##### DATA EXTRACT #####

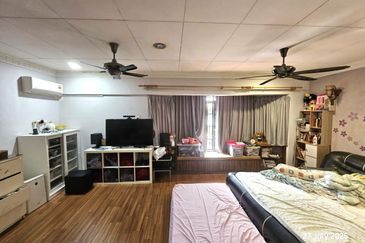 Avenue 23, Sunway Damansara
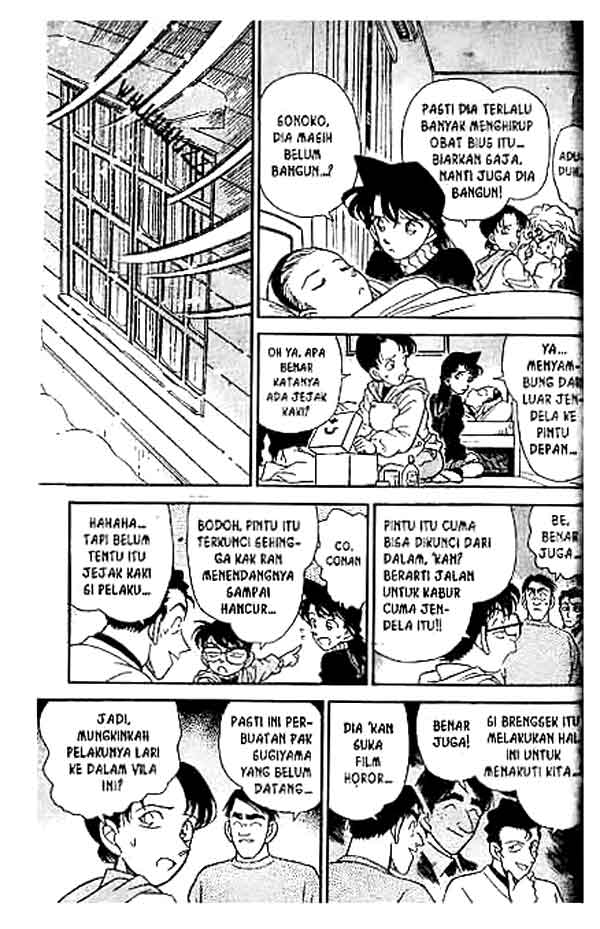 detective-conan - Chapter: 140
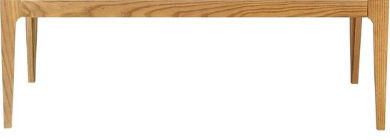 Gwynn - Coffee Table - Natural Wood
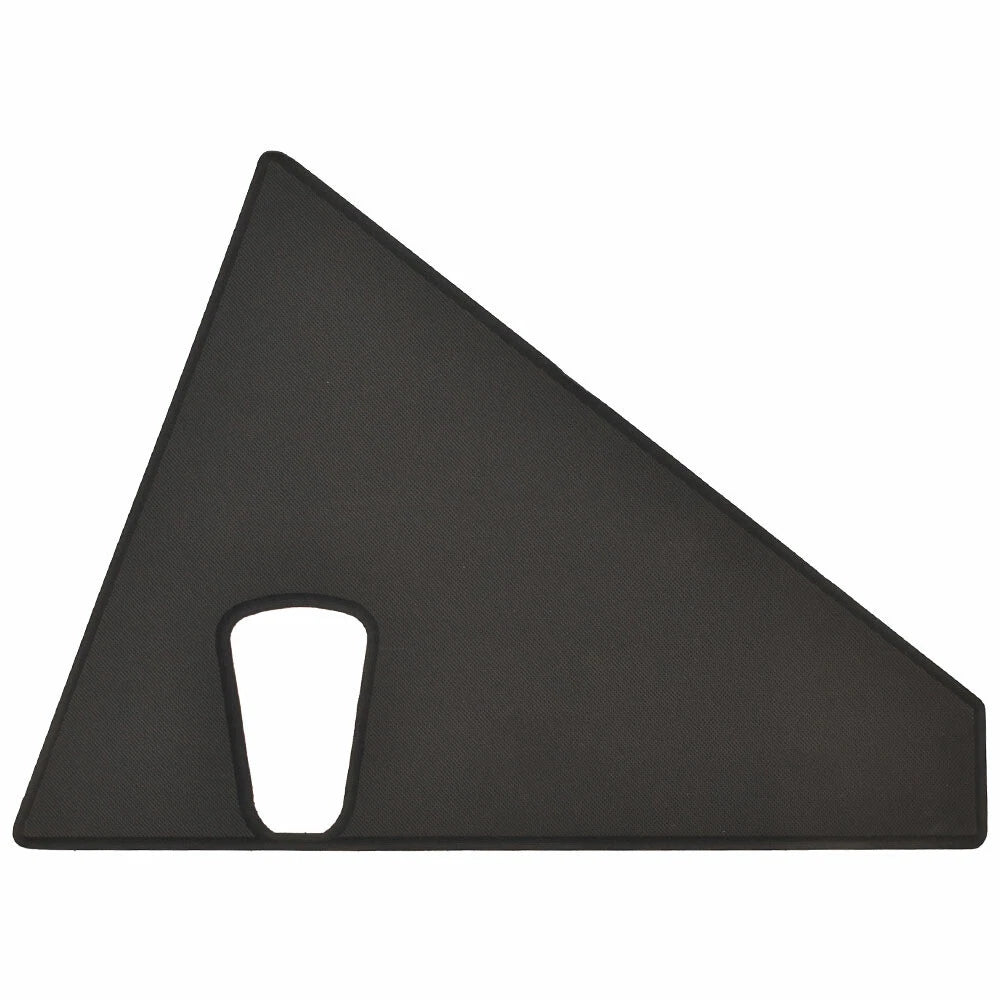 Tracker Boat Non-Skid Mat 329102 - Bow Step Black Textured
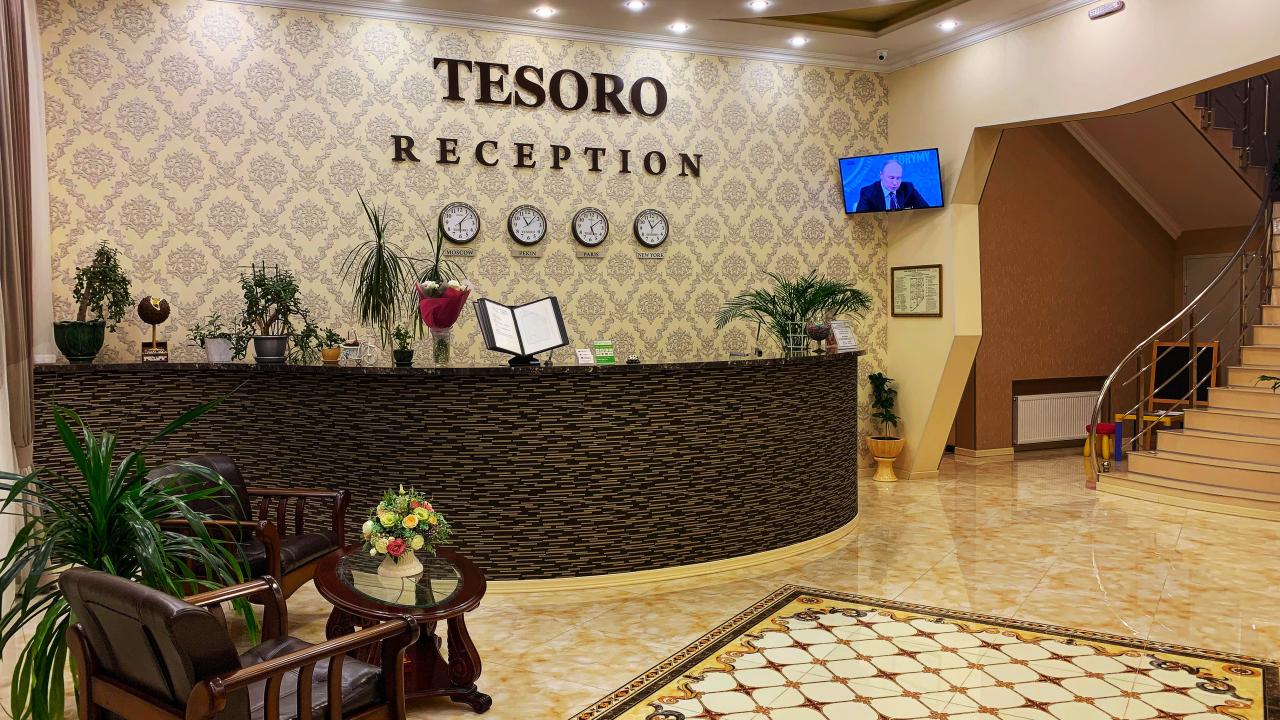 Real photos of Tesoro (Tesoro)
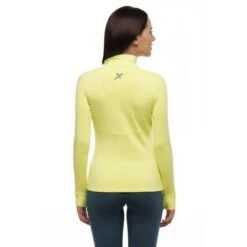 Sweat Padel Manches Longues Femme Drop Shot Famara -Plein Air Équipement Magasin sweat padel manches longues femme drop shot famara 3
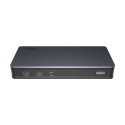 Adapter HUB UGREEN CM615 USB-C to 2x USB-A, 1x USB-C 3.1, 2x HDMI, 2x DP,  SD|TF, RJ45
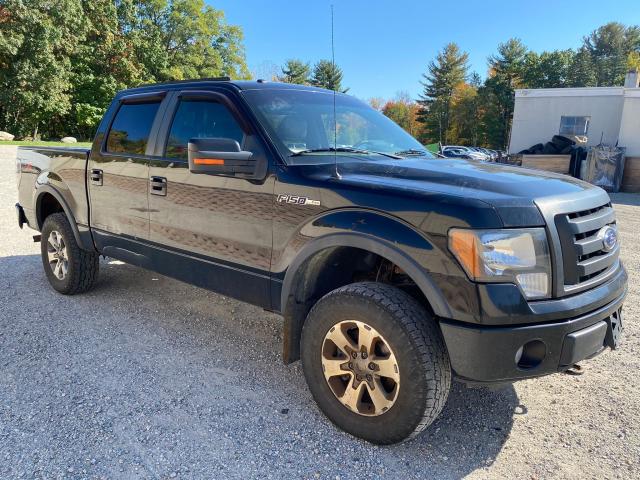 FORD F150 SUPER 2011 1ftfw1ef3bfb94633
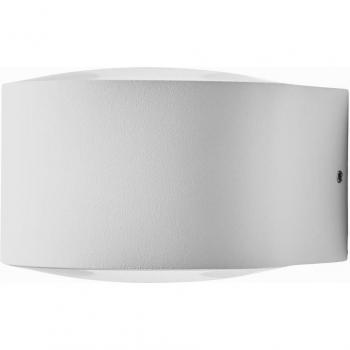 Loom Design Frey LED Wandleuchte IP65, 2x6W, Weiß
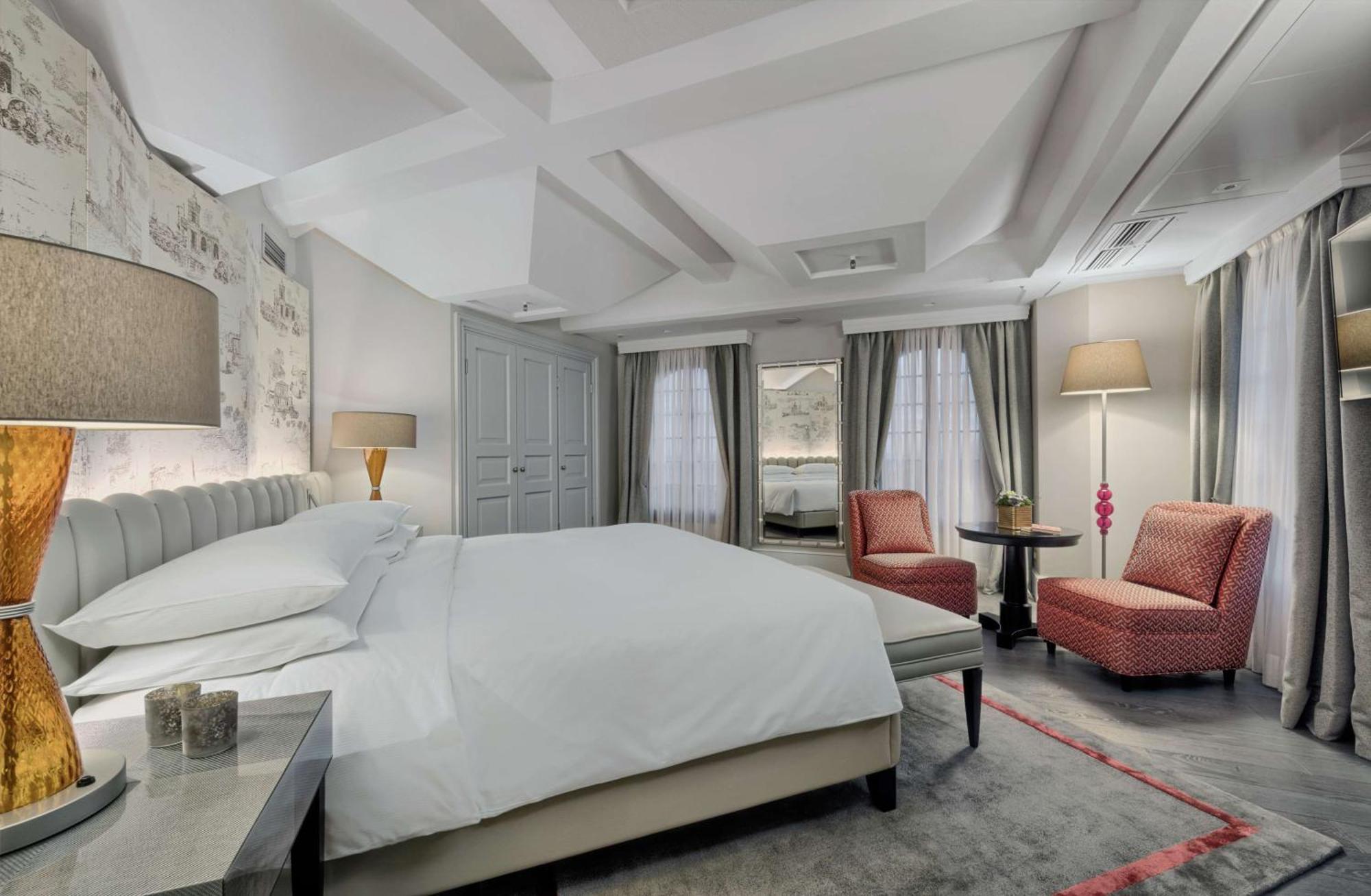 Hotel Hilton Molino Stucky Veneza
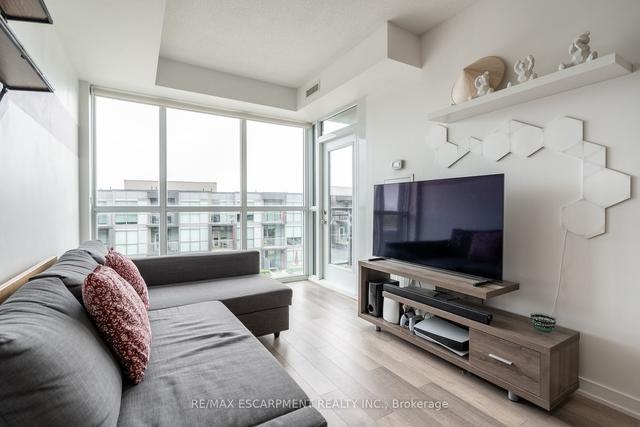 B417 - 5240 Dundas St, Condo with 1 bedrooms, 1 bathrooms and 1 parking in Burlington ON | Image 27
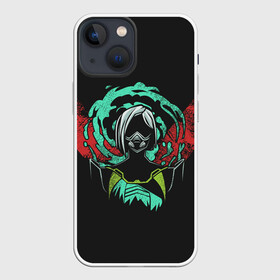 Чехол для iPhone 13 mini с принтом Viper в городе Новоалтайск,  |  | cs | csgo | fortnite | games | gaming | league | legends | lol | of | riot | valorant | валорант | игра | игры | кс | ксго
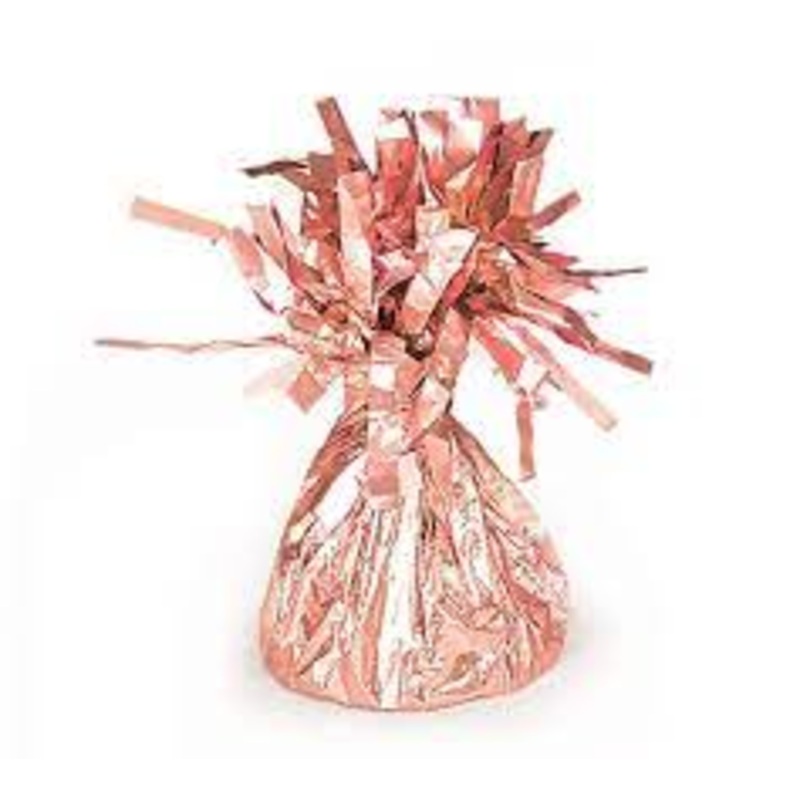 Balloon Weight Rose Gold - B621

#####

§ PROBLEM DETAILS:
Before handing back the copy, remove the pictures; otherwise print the data exactly.

§ EXERCISE SOLUTION:
 Avenue 23, Sunway Damansara
 detective-conan - Chapter: 140
 Gwynn - Coffee Table - Natural Wood
 Tracker Boat Non-Skid Mat 329102 - Bow Step Black Textured
 Real photos of Tesoro (Tesoro)
 Sweat Padel Manches Longues Femme Drop Shot Famara -Plein Air Équipement Magasin sweat padel manches longues femme drop shot famara 3
 Adapter HUB UGREEN CM615 USB-C to 2x USB-A, 1x USB-C 3.1, 2x HDMI, 2x DP,  SD|TF, RJ45
 FORD F150 SUPER 2011 1ftfw1ef3bfb94633
 Loom Design Frey LED Wandleuchte IP65, 2x6W, Weiß
 Hotel Hilton Molino Stucky Veneza
 B417 - 5240 Dundas St, Condo with 1 bedrooms, 1 bathrooms and 1 parking in Burlington ON | Image 27
 Чехол для iPhone 13 mini с принтом Viper в городе Новоалтайск,  |  | cs | csgo | fortnite | games | gaming | league | legends | lol | of | riot | valorant | валорант | игра | игры | кс | ксго
 Balloon Weight Rose Gold - B621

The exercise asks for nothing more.